#### Provided data
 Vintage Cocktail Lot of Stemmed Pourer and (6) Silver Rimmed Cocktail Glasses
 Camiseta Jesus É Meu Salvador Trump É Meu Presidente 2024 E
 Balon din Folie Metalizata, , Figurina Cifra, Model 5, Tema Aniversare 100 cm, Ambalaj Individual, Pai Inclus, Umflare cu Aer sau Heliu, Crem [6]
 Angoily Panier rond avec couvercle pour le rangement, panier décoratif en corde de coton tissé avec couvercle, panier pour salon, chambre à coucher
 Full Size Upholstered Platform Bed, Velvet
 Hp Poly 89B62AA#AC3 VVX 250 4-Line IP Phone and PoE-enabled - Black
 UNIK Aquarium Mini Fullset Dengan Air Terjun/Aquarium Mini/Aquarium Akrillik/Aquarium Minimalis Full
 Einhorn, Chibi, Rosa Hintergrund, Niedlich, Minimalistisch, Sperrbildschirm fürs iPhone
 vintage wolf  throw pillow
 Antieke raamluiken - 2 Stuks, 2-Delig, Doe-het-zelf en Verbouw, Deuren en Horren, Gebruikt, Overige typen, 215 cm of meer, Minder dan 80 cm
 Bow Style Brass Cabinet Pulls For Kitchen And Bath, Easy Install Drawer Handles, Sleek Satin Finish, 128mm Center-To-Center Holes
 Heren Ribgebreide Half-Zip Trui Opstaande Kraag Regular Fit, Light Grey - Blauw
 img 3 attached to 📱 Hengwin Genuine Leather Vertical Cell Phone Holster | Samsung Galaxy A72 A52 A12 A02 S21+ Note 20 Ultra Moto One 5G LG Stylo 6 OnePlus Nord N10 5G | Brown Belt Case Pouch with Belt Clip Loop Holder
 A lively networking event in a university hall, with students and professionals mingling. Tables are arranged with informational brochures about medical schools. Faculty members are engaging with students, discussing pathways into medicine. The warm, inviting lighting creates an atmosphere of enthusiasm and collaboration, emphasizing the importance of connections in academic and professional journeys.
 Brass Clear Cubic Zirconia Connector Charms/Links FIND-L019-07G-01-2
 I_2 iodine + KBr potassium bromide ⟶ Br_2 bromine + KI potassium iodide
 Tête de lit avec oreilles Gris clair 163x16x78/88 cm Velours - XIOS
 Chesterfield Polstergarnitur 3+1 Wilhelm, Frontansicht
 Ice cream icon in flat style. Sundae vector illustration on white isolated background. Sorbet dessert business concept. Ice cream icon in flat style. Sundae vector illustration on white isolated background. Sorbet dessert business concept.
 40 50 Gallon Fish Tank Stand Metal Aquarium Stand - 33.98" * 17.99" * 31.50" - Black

#### Exercise details
Write out an exact copy of every record shown above.

#### Your response
 Vintage Cocktail Lot of Stemmed Pourer and (6) Silver Rimmed Cocktail Glasses
 Camiseta Jesus É Meu Salvador Trump É Meu Presidente 2024 E
 Balon din Folie Metalizata, , Figurina Cifra, Model 5, Tema Aniversare 100 cm, Ambalaj Individual, Pai Inclus, Umflare cu Aer sau Heliu, Crem [6]
 Angoily Panier rond avec couvercle pour le rangement, panier décoratif en corde de coton tissé avec couvercle, panier pour salon, chambre à coucher
 Full Size Upholstered Platform Bed, Velvet
 Hp Poly 89B62AA#AC3 VVX 250 4-Line IP Phone and PoE-enabled - Black
 UNIK Aquarium Mini Fullset Dengan Air Terjun/Aquarium Mini/Aquarium Akrillik/Aquarium Minimalis Full
 Einhorn, Chibi, Rosa Hintergrund, Niedlich, Minimalistisch, Sperrbildschirm fürs iPhone
 vintage wolf  throw pillow
 Antieke raamluiken - 2 Stuks, 2-Delig, Doe-het-zelf en Verbouw, Deuren en Horren, Gebruikt, Overige typen, 215 cm of meer, Minder dan 80 cm
 Bow Style Brass Cabinet Pulls For Kitchen And Bath, Easy Install Drawer Handles, Sleek Satin Finish, 128mm Center-To-Center Holes
 Heren Ribgebreide Half-Zip Trui Opstaande Kraag Regular Fit, Light Grey - Blauw
 img 3 attached to 📱 Hengwin Genuine Leather Vertical Cell Phone Holster | Samsung Galaxy A72 A52 A12 A02 S21+ Note 20 Ultra Moto One 5G LG Stylo 6 OnePlus Nord N10 5G | Brown Belt Case Pouch with Belt Clip Loop Holder
 A lively networking event in a university hall, with students and professionals mingling. Tables are arranged with informational brochures about medical schools. Faculty members are engaging with students, discussing pathways into medicine. The warm, inviting lighting creates an atmosphere of enthusiasm and collaboration, emphasizing the importance of connections in academic and professional journeys.
 Brass Clear Cubic Zirconia Connector Charms/Links FIND-L019-07G-01-2
 I_2 iodine + KBr potassium bromide ⟶ Br_2 bromine + KI potassium iodide
 Tête de lit avec oreilles Gris clair 163x16x78/88 cm Velours - XIOS
 Chesterfield Polstergarnitur 3+1 Wilhelm, Frontansicht
 Ice cream icon in flat style. Sundae vector illustration on white isolated background. Sorbet dessert business concept. Ice cream icon in flat style. Sundae vector illustration on white isolated background. Sorbet dessert business concept.
 40 50 Gallon Fish Tank Stand Metal Aquarium Stand - 33.98" * 17.99" * 31.50" - Black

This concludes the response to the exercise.